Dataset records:
============================================================

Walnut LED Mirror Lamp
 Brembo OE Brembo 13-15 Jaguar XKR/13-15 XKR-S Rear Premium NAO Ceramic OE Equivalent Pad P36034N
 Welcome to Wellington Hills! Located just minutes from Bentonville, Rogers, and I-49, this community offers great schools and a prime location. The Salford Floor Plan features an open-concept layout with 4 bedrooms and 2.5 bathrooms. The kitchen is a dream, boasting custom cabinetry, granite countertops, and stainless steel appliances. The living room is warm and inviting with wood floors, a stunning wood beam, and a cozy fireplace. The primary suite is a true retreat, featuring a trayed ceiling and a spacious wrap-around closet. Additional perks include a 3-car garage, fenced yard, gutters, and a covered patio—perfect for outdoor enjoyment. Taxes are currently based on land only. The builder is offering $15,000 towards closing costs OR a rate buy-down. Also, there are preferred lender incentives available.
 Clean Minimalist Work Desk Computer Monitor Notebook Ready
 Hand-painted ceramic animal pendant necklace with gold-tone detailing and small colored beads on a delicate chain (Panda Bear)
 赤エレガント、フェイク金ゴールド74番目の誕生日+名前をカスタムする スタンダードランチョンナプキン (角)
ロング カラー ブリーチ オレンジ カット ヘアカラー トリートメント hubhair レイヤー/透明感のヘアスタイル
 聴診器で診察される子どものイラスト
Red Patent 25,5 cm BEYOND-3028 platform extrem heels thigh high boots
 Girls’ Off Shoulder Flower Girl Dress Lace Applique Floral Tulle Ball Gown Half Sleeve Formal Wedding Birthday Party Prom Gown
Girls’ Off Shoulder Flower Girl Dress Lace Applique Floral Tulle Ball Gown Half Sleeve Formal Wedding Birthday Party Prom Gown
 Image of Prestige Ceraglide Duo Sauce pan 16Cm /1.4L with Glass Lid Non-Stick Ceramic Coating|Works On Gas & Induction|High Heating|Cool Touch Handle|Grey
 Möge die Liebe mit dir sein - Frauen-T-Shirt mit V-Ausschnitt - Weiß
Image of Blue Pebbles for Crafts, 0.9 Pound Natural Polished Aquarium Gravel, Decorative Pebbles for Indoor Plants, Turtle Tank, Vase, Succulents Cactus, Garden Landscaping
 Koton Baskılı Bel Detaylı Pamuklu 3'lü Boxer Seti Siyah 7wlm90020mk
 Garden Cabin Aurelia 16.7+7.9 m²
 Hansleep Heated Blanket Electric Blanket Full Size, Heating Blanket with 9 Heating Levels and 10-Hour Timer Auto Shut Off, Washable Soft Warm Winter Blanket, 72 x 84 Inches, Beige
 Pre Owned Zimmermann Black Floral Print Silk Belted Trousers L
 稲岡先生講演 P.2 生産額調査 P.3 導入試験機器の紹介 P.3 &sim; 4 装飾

============================================================

- [WORK REQUIRED] The expected answer is an exact copy of the lines beginning at the one with "Red Patent 25,5" and running to the end of the entries above.

- [ANSWER]
Red Patent 25,5 cm BEYOND-3028 platform extrem heels thigh high boots
 Girls’ Off Shoulder Flower Girl Dress Lace Applique Floral Tulle Ball Gown Half Sleeve Formal Wedding Birthday Party Prom Gown
Girls’ Off Shoulder Flower Girl Dress Lace Applique Floral Tulle Ball Gown Half Sleeve Formal Wedding Birthday Party Prom Gown
 Image of Prestige Ceraglide Duo Sauce pan 16Cm /1.4L with Glass Lid Non-Stick Ceramic Coating|Works On Gas & Induction|High Heating|Cool Touch Handle|Grey
 Möge die Liebe mit dir sein - Frauen-T-Shirt mit V-Ausschnitt - Weiß
Image of Blue Pebbles for Crafts, 0.9 Pound Natural Polished Aquarium Gravel, Decorative Pebbles for Indoor Plants, Turtle Tank, Vase, Succulents Cactus, Garden Landscaping
 Koton Baskılı Bel Detaylı Pamuklu 3'lü Boxer Seti Siyah 7wlm90020mk
 Garden Cabin Aurelia 16.7+7.9 m²
 Hansleep Heated Blanket Electric Blanket Full Size, Heating Blanket with 9 Heating Levels and 10-Hour Timer Auto Shut Off, Washable Soft Warm Winter Blanket, 72 x 84 Inches, Beige
 Pre Owned Zimmermann Black Floral Print Silk Belted Trousers L
 稲岡先生講演 P.2 生産額調査 P.3 導入試験機器の紹介 P.3 &sim; 4 装飾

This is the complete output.